> WORK ITEM
Every line of the data is to be output verbatim.

> THE DATA

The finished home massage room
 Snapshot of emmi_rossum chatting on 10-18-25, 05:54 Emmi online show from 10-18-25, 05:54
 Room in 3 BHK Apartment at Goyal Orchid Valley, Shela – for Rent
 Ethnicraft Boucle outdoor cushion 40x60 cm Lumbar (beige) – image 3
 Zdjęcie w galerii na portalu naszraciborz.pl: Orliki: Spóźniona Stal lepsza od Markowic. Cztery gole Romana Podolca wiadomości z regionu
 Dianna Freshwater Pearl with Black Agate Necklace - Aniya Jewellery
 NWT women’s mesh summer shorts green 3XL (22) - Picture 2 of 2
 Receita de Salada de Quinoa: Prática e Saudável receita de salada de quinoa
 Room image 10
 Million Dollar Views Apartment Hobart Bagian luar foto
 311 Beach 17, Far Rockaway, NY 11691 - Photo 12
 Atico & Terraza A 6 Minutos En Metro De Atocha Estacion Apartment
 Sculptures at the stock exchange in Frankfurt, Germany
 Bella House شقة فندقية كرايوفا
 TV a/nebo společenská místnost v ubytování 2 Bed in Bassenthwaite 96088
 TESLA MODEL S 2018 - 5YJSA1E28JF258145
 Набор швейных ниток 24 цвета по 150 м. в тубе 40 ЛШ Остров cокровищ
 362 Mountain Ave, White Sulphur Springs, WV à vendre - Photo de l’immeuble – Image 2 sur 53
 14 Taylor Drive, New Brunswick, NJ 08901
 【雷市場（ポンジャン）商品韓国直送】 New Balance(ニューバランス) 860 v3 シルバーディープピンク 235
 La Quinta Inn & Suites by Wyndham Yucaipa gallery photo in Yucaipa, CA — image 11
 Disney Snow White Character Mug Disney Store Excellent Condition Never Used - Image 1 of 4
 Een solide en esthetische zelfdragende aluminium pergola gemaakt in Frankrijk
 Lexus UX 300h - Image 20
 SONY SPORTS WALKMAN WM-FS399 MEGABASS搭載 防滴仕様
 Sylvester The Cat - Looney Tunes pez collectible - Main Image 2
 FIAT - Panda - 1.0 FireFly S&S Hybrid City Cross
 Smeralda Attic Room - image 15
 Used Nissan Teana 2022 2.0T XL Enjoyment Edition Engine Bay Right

> RESPONSE TO THIS TASK
The finished home massage room
 Snapshot of emmi_rossum chatting on 10-18-25, 05:54 Emmi online show from 10-18-25, 05:54
 Room in 3 BHK Apartment at Goyal Orchid Valley, Shela – for Rent
 Ethnicraft Boucle outdoor cushion 40x60 cm Lumbar (beige) – image 3
 Zdjęcie w galerii na portalu naszraciborz.pl: Orliki: Spóźniona Stal lepsza od Markowic. Cztery gole Romana Podolca wiadomości z regionu
 Dianna Freshwater Pearl with Black Agate Necklace - Aniya Jewellery
 NWT women’s mesh summer shorts green 3XL (22) - Picture 2 of 2
 Receita de Salada de Quinoa: Prática e Saudável receita de salada de quinoa
 Room image 10
 Million Dollar Views Apartment Hobart Bagian luar foto
 311 Beach 17, Far Rockaway, NY 11691 - Photo 12
 Atico & Terraza A 6 Minutos En Metro De Atocha Estacion Apartment
 Sculptures at the stock exchange in Frankfurt, Germany
 Bella House شقة فندقية كرايوفا
 TV a/nebo společenská místnost v ubytování 2 Bed in Bassenthwaite 96088
 TESLA MODEL S 2018 - 5YJSA1E28JF258145
 Набор швейных ниток 24 цвета по 150 м. в тубе 40 ЛШ Остров cокровищ
 362 Mountain Ave, White Sulphur Springs, WV à vendre - Photo de l’immeuble – Image 2 sur 53
 14 Taylor Drive, New Brunswick, NJ 08901
 【雷市場（ポンジャン）商品韓国直送】 New Balance(ニューバランス) 860 v3 シルバーディープピンク 235
 La Quinta Inn & Suites by Wyndham Yucaipa gallery photo in Yucaipa, CA — image 11
 Disney Snow White Character Mug Disney Store Excellent Condition Never Used - Image 1 of 4
 Een solide en esthetische zelfdragende aluminium pergola gemaakt in Frankrijk
 Lexus UX 300h - Image 20
 SONY SPORTS WALKMAN WM-FS399 MEGABASS搭載 防滴仕様
 Sylvester The Cat - Looney Tunes pez collectible - Main Image 2
 FIAT - Panda - 1.0 FireFly S&S Hybrid City Cross
 Smeralda Attic Room - image 15
 Used Nissan Teana 2022 2.0T XL Enjoyment Edition Engine Bay Right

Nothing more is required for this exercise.